TASK STATEMENT: Your reply should be the whole listing, copied exactly, with the pictures left out.

EXERCISE INPUTS:

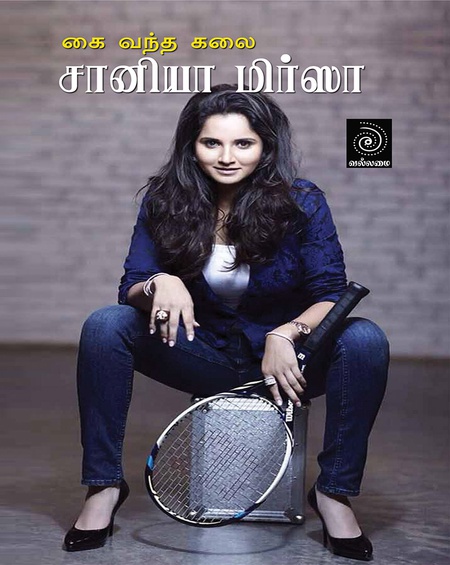 கை வந்த கலை சானியா மிர்ஸா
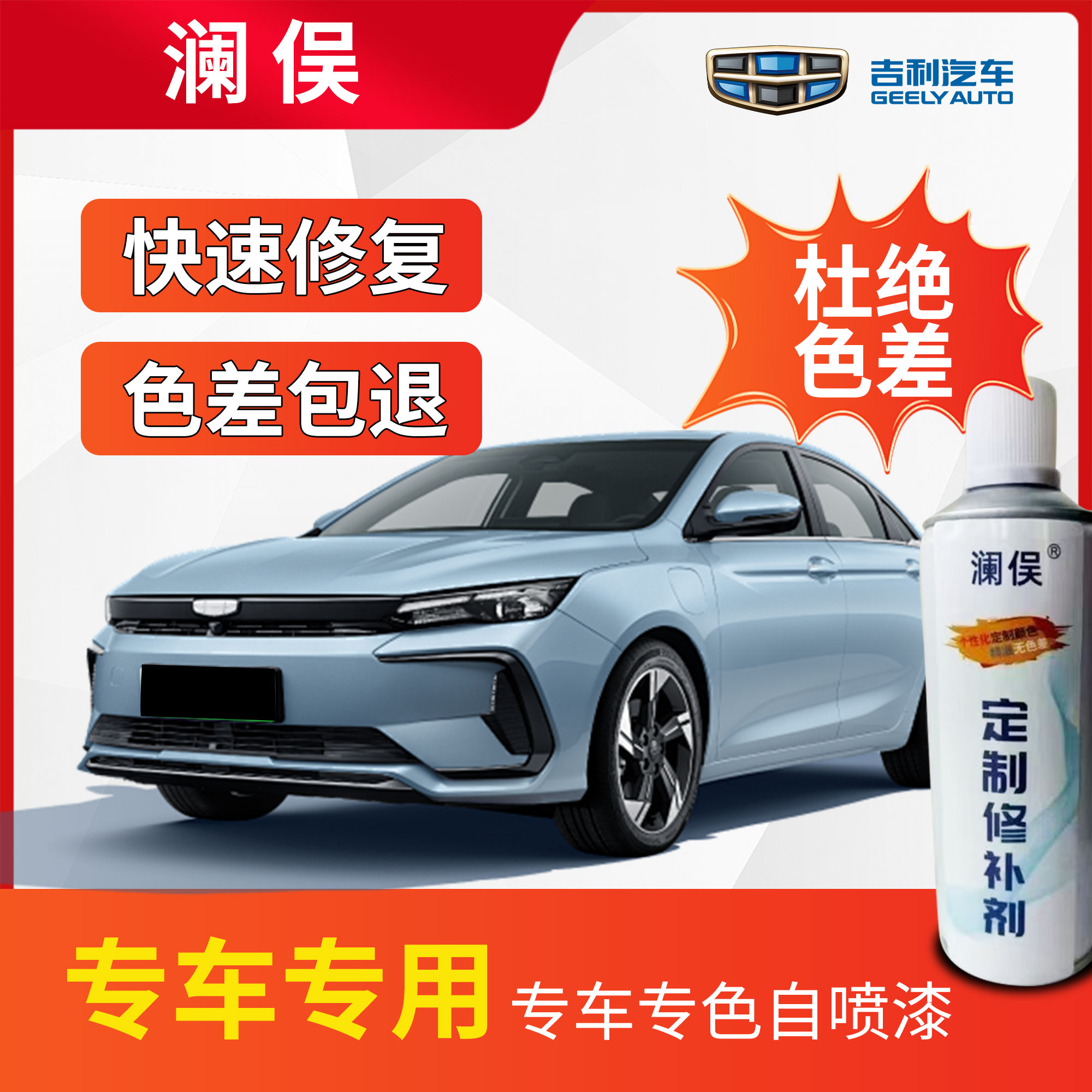 吉利车型自喷漆 划痕修复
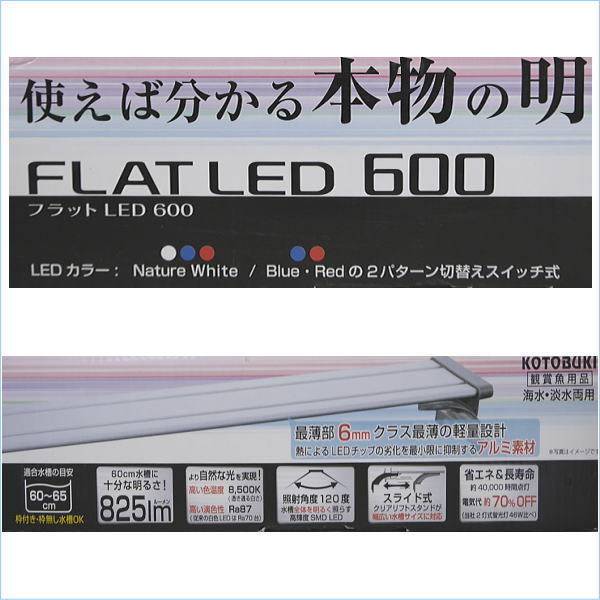 DSE 寿工芸 フラットLED 600 水槽用ライト(照明)|売買されたオークション情報、yahooの商品情報をアーカイブ公開 - オークファン(aucfan.com) DSE 寿工芸 フラットLED 600 水槽用ライト(照明)|売買されたオークション情報、yahooの商品情報をアーカイブ公開 - オークファン(aucfan.com)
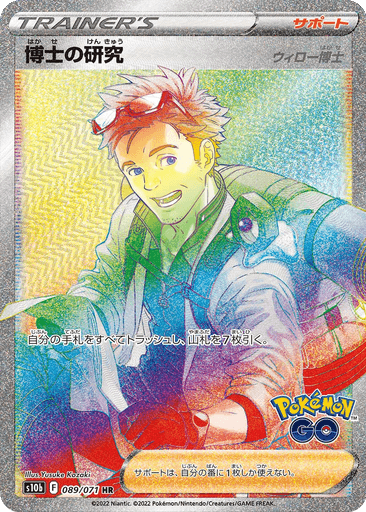 Professor's Research (Professor Willow)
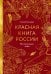 Красная книга России. Все основные виды
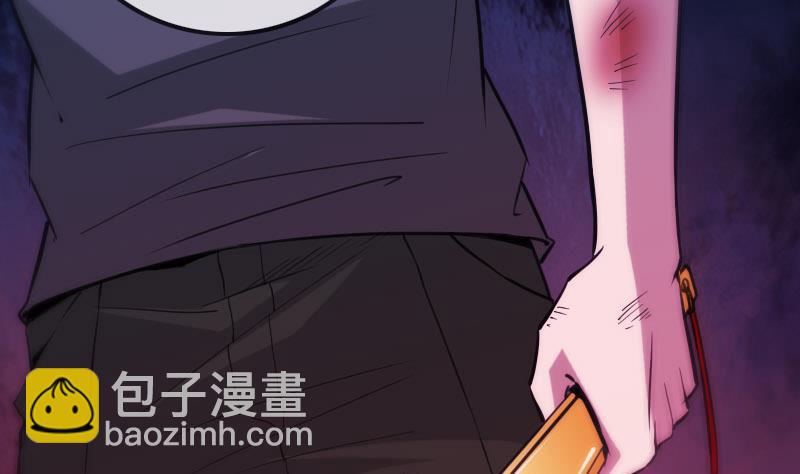 第318话 挨揍61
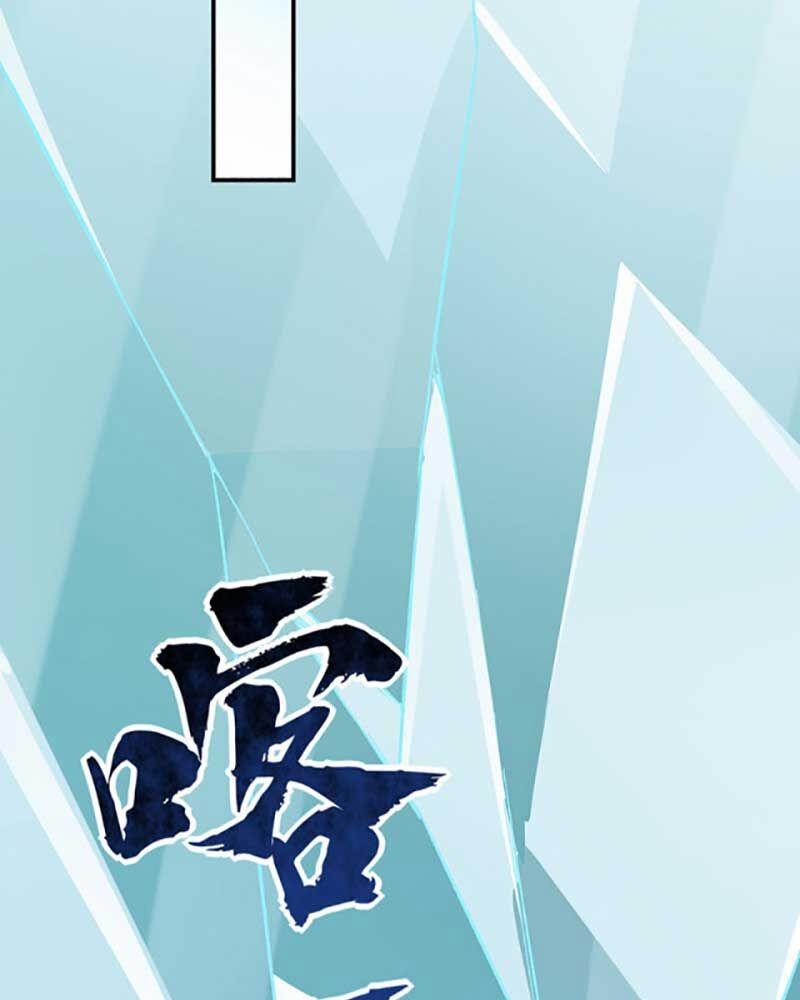 Võ Đạo Độc Tôn 576 trang 20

EXPECTED OUTPUT:
 கை வந்த கலை சானியா மிர்ஸா
 吉利车型自喷漆 划痕修复
 DSE 寿工芸 フラットLED 600 水槽用ライト(照明)|売買されたオークション情報、yahooの商品情報をアーカイブ公開 - オークファン(aucfan.com) DSE 寿工芸 フラットLED 600 水槽用ライト(照明)|売買されたオークション情報、yahooの商品情報をアーカイブ公開 - オークファン(aucfan.com)
 Professor's Research (Professor Willow)
 Красная книга России. Все основные виды
 第318话 挨揍61
 Võ Đạo Độc Tôn 576 trang 20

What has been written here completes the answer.